Despite these continuing efforts to help China find and establish her place in the world, the people of China and its politicians and warlords continued to play at their medieval games and lead their medieval life. In my opinion, China had deserted the United States rather than that the United States had deserted China. China had turned her back on the proffered helping hand. Any future move would be better and more convincing coming from China. The question was “What is China’s policy?” not “What is America’s policy?”

I said that it was my belief that the American Government had no intention of laying itself open to the charge of intervention by fostering a revolutionary movement against the Gimo and his Kmt followers, that it was not selecting any one so-called democratic group to support in this way. But that it still looked hopefully for some signs of a real and potent democratic movement which could and would resist Communism and that once in power the leaders of such a movement, if national in scope, could count on the continued interest and support of the United States.

Hsia Tao-sheng closed the conversation, which lasted two and one-half hours, with the statement that he was relieved to learn that it was my understanding that no particular group had yet been selected for American support. At the same time he emphasized that time was [Page 507] running short and if anything was to be saved, prompt action must be taken. There was no time to “wait and see” nor to “let the dust settle.” He asked me to remind my Government that the transition of France from the Bourbons to republicanism had required eighty years with many intermediate ups and downs, and that China was now less than forty years along this path.

Coming so shortly after the visit reported in our telegram of August 17, 5:00 p. m. (No. 393) it would appear that more than one political group is hopefully awaiting some move from the United States which it can interpret to its own benefit. I believe that it should be made clear to them why in our opinion the Kmt ultimately failed after so brilliant a start. They should also, I believe, be made to understand that our criticism of the Kmt is not superficial and political but that we believe after bitter experience that it lost its base support and that any other political group without a solid foundation holds no real attraction for us.
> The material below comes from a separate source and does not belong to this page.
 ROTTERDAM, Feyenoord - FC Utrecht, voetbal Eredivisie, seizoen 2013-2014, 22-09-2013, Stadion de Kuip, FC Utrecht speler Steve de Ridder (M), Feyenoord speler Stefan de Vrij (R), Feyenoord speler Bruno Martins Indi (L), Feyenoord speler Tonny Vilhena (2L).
One thing that I told Hsia which I find I have failed to include in the above account is that I suspect that the Chinese people as a result of years of military and economic attrition are spiritually, and morally, as well as economically bankrupt, and that before whatever indications of effort to throw off the Communist yoke as may appear can be galvanized into a national movement which will lead them to that national unity and strength, which is their due, there must be formulated a new Chinese philosophy incorporating all the good of the past from the time of Confucius and including much of the principles of Sun Yat-sen but adapted so as to solve the problems of contact and cooperation with the democratic western world. Without some such catalyst, attempts to overthrow Communist domination will be sporadic and futile, and even though superficially successful will be but temporary in nature.

Hsia Tao-sheng is also a member of the Legislative Yuan from Anhwei Province.

Respectfully yours,

Donald D. Edgar
  1. Department of State. United States Relations With China (Washington, Government Printing Office, 1949).
  2. United States Information Service.
  3. Kuomintang (Nationalist Party).
  4. See address by President Wilson to the joint session of Congress, January 8, 1918, Foreign Relations, 1918, Supplement I, vol. i, p. 12.
  5. See address by President Roosevelt to Congress, January 6, 1941, Department of State, Peace and War: United States Foreign Policy, 1931–1941 (Washington, Government Printing Office, 1943), p. 608.